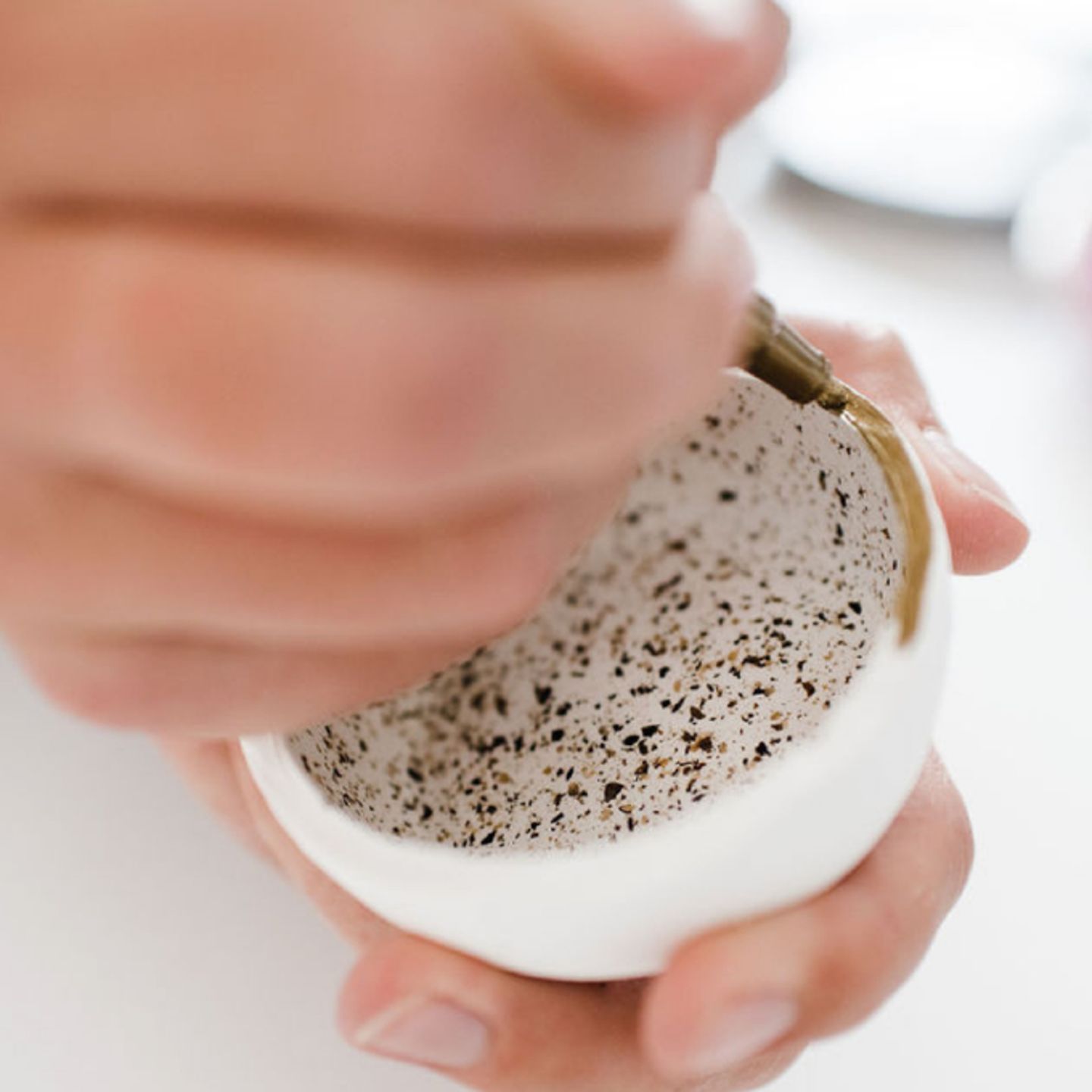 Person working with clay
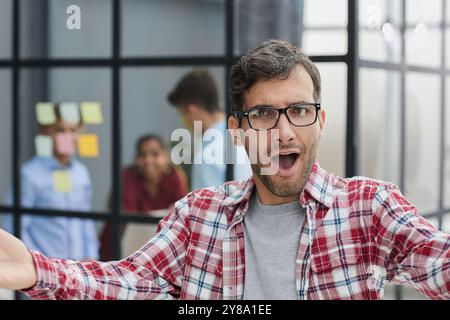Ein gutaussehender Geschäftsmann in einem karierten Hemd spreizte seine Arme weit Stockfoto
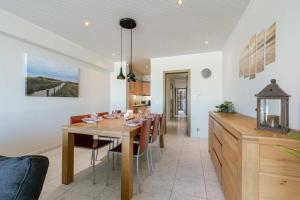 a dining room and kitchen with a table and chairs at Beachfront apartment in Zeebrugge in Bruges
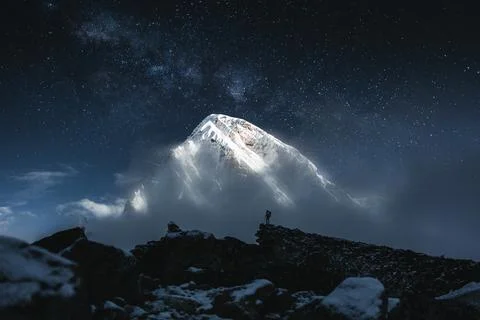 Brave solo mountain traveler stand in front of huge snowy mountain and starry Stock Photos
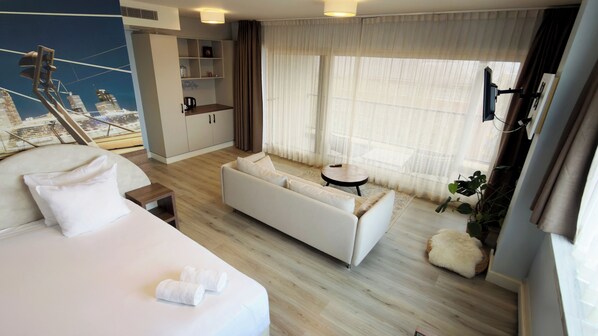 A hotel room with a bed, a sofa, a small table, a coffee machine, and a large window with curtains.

════════════════════

» Exercise brief:
The answer should hold every entry exactly as given and no pictures at all.

» Exercise answer:
 Person working with clay
Ein gutaussehender Geschäftsmann in einem karierten Hemd spreizte seine Arme weit Stockfoto
 a dining room and kitchen with a table and chairs at Beachfront apartment in Zeebrugge in Bruges
 Brave solo mountain traveler stand in front of huge snowy mountain and starry Stock Photos
 A hotel room with a bed, a sofa, a small table, a coffee machine, and a large window with curtains.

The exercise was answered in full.